Derrière cette apparente modification fiscale se cache une volonté plus large: réduire la place du cash dans les transactions et renforcer la transparence financière. L’immobilier et les fonds de commerce sont parmi les secteurs les plus concernés. Ces opérations, souvent importantes, échappent encore trop souvent à la traçabilité, laissant la porte ouverte à la fraude, aux sous-déclarations et à certaines pratiques informelles. En imposant un surcoût de 2% aux transactions non bancarisées, l’État veut encourager les acteurs à passer par le circuit officiel.
Selon Bank Al-Maghrib, la masse de liquidités en circulation atteignait 458 milliards de dirhams à fin juillet. Ce volume colossal alimente non seulement la consommation mais aussi des zones grises de l’économie où prospèrent fraude fiscale et corruption. La mesure prévue dans la loi de finances cherche donc à frapper là où cela fait mal : dans la poche. Les notaires, désormais au cœur du dispositif, devront mentionner le mode de paiement et joindre un justificatif bancaire à l’acte.

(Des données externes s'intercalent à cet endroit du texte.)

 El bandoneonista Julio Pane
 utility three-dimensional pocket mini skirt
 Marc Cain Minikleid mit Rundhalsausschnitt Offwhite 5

Si le règlement échappe à leur contrôle ou n’est pas clairement documenté, le droit d’enregistrement sera majoré.
Concrètement, explique L’Économiste, «les mutations à titre onéreux (ventes d’immeubles ou cessions de fonds de commerce) sont aujourd’hui soumises à un droit d’enregistrement de 4 à 6%, selon la nature du bien». Jusqu’ici, rien n’empêchait les parties de solder tout ou partie du prix en espèces, ni même de minorer les montants déclarés. Cette faille, bien connue, permettait de contourner l’impôt et d’alimenter des pratiques opaques. Le gouvernement entend désormais y mettre un terme.
«Payer en liquide reviendra donc à accepter une pénalité financière», résume L’Économiste. La transparence devient la norme, l’opacité se paiera. Le message s’adresse autant aux vendeurs qu’aux acheteurs, mais aussi à tout un écosystème (notaires, intermédiaires, agents immobiliers) souvent confronté à la tentation du cash facile. L’État espère que cette pression fiscale aura un effet dissuasif, accélérant la transition vers une économie plus bancarisée et mieux contrôlée.
Le texte, toutefois, prend soin de préciser que le paiement du droit supplémentaire de 2% ne constitue pas une amnistie. Autrement dit, cette surtaxe n’efface en rien les infractions éventuelles ni ne protège les contrevenants d’un contrôle fiscal. Les transactions concernées resteront soumises aux procédures de vérification et de redressement prévues par le Code général des impôts.
En s’attaquant à la culture du cash, le gouvernement ne cherche pas seulement à gonfler les recettes publiques, mais à instaurer une nouvelle discipline économique. Le passage à des paiements traçables et bancarisés n’est plus une simple option: il devient un impératif pour moderniser l’économie et assainir les pratiques. Reste à savoir si une taxe supplémentaire suffira à transformer un réflexe aussi ancien que la monnaie elle-même.